(Short descriptive text snippets)
== Segment start ==
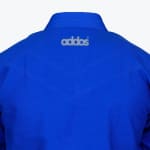 Close-up of the back of a blue Addos judo gi jacket, showing the embroidered logo and reinforced stitching.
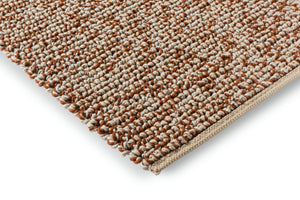 Close-up of the handwoven wool texture showcasing the rich leather hue and intricate weave.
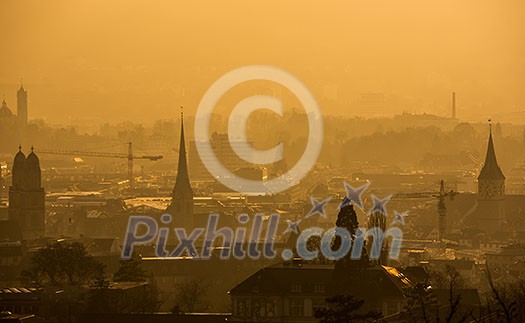 View of Zurich from above - misty winter evening and smoke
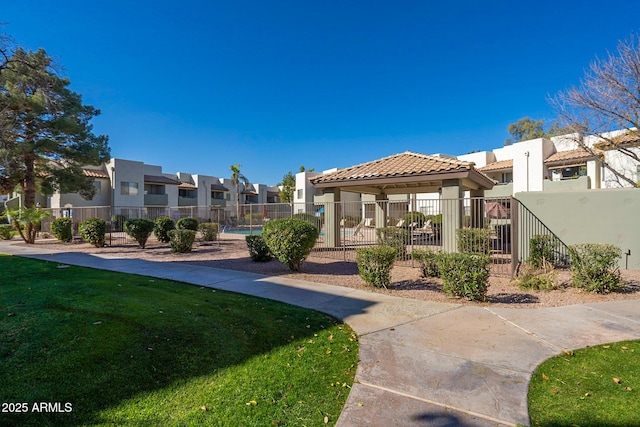 1825 W Ray Rd Unit 1068, Chandler, AZ 85224 - view of community with a residential view, fence, and a lawn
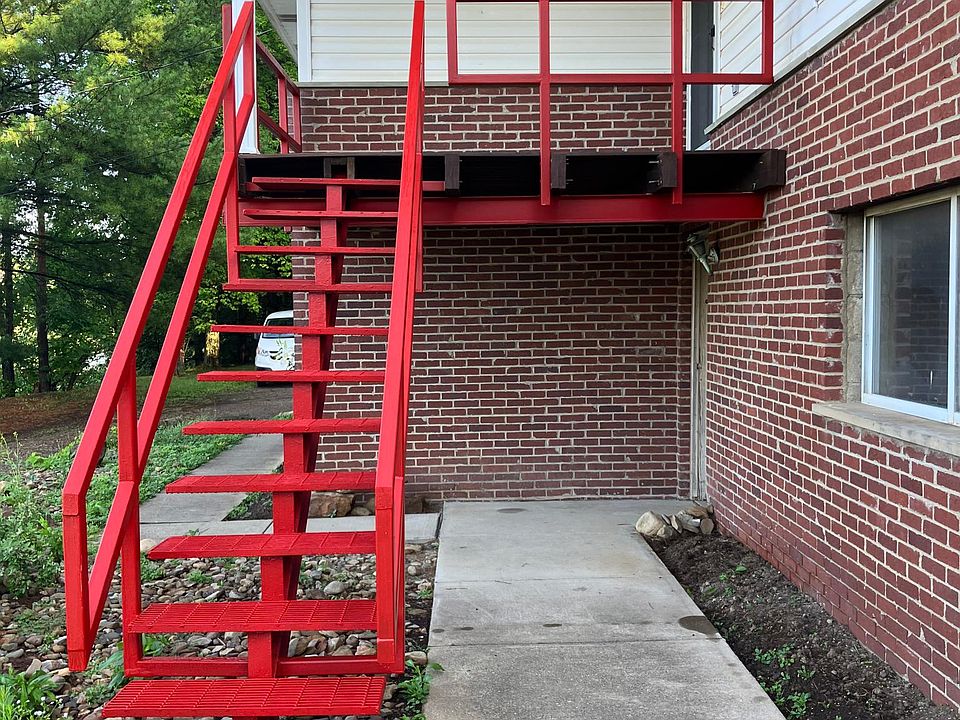 Front entrance and porch. Note area for planting flowers.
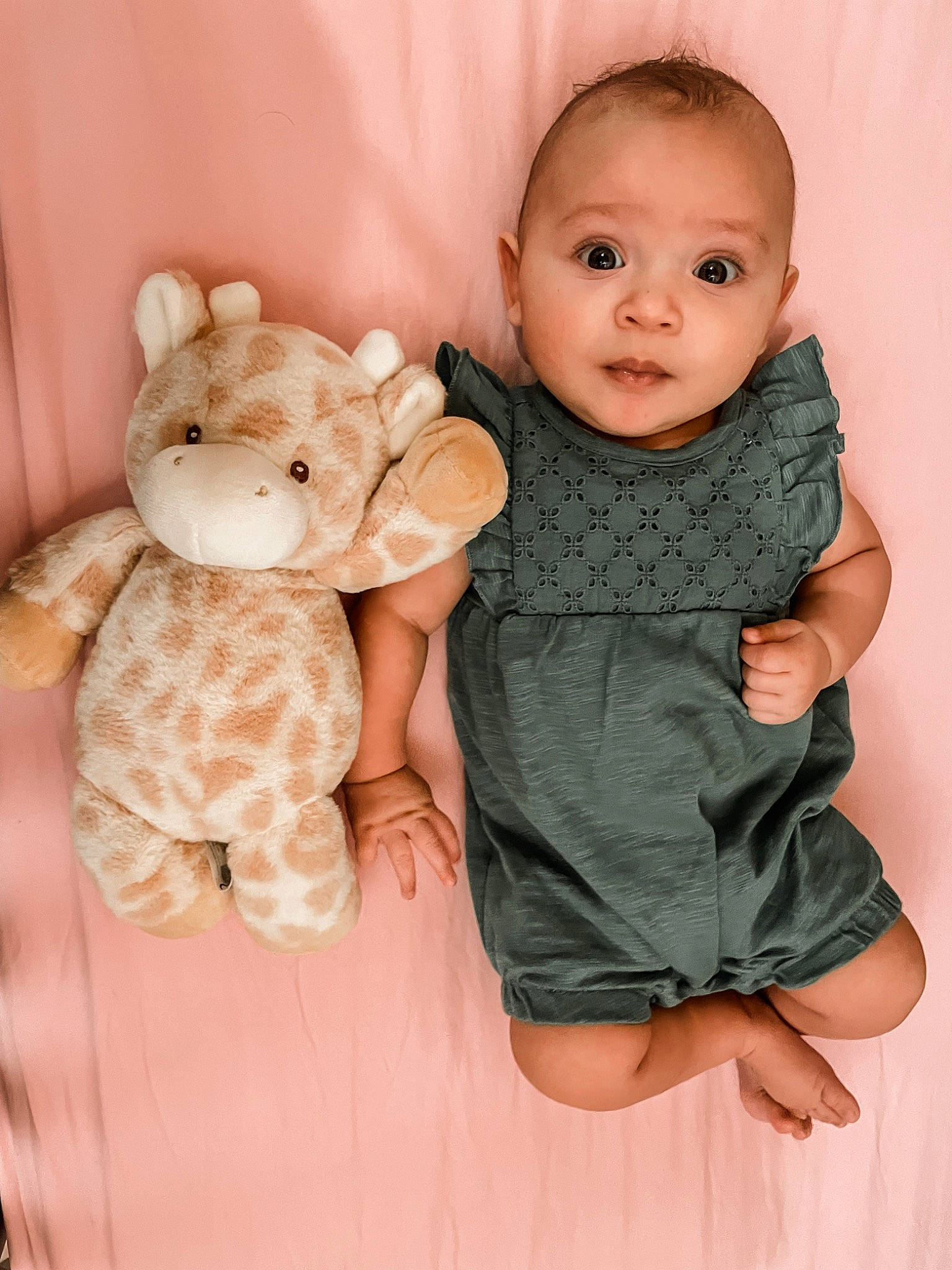 Aaliyah is registered to the contest to win money with this photo: arm, baby, baby_toddler_clothing, comfort, eye, fawn, finger, gesture, hand, head, human_body, joint, outerwear, person, pink, product, skin, sleeve, textile, thumb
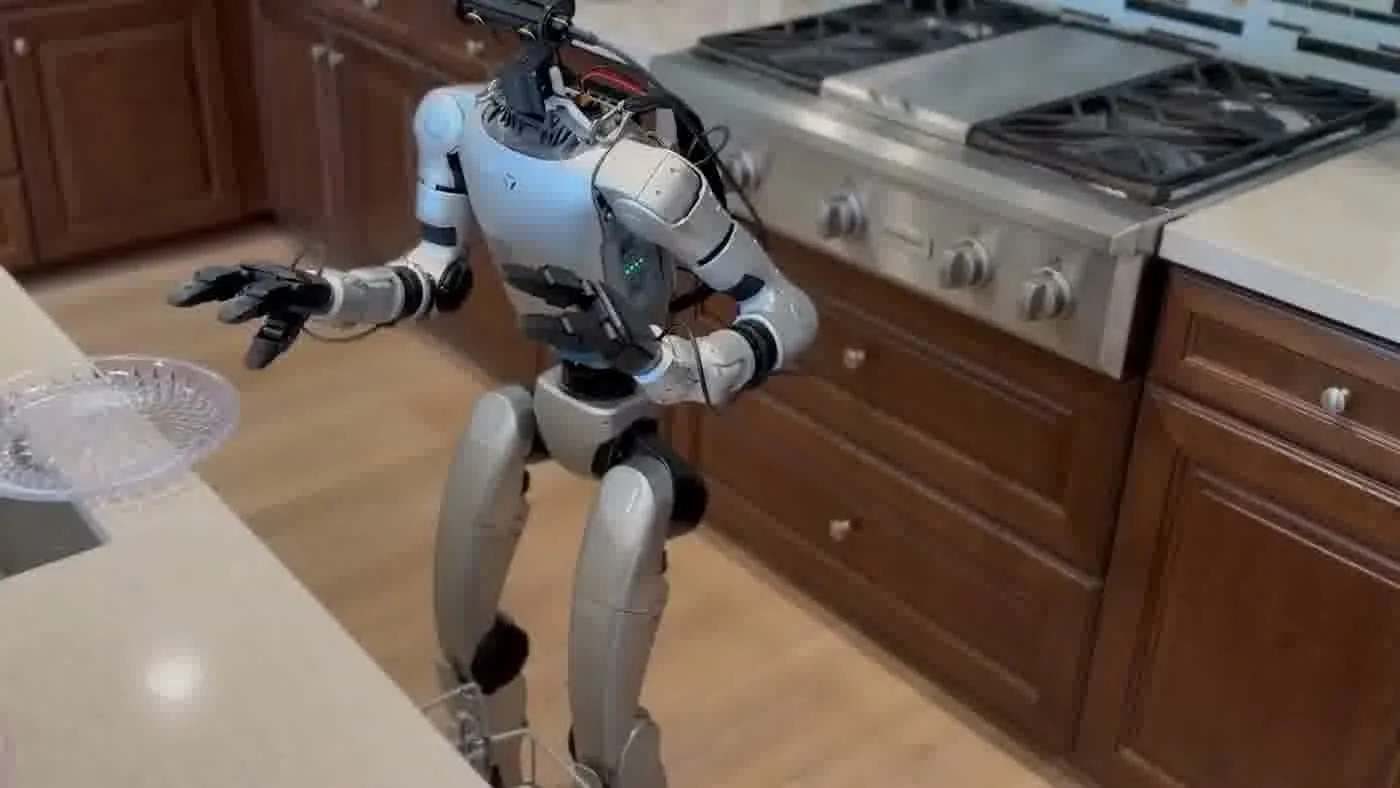 Unitree G1 robot with operator nearby during indoor event deployment illustrating active operator supervision protocol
== Segment end ==
Description of the task:
Once the line holding "Front entrance and" is found, set down that line and every line after it, exactly, through the last line of the records above, omitting pictures.

Task response:
 Front entrance and porch. Note area for planting flowers.
 Aaliyah is registered to the contest to win money with this photo: arm, baby, baby_toddler_clothing, comfort, eye, fawn, finger, gesture, hand, head, human_body, joint, outerwear, person, pink, product, skin, sleeve, textile, thumb
 Unitree G1 robot with operator nearby during indoor event deployment illustrating active operator supervision protocol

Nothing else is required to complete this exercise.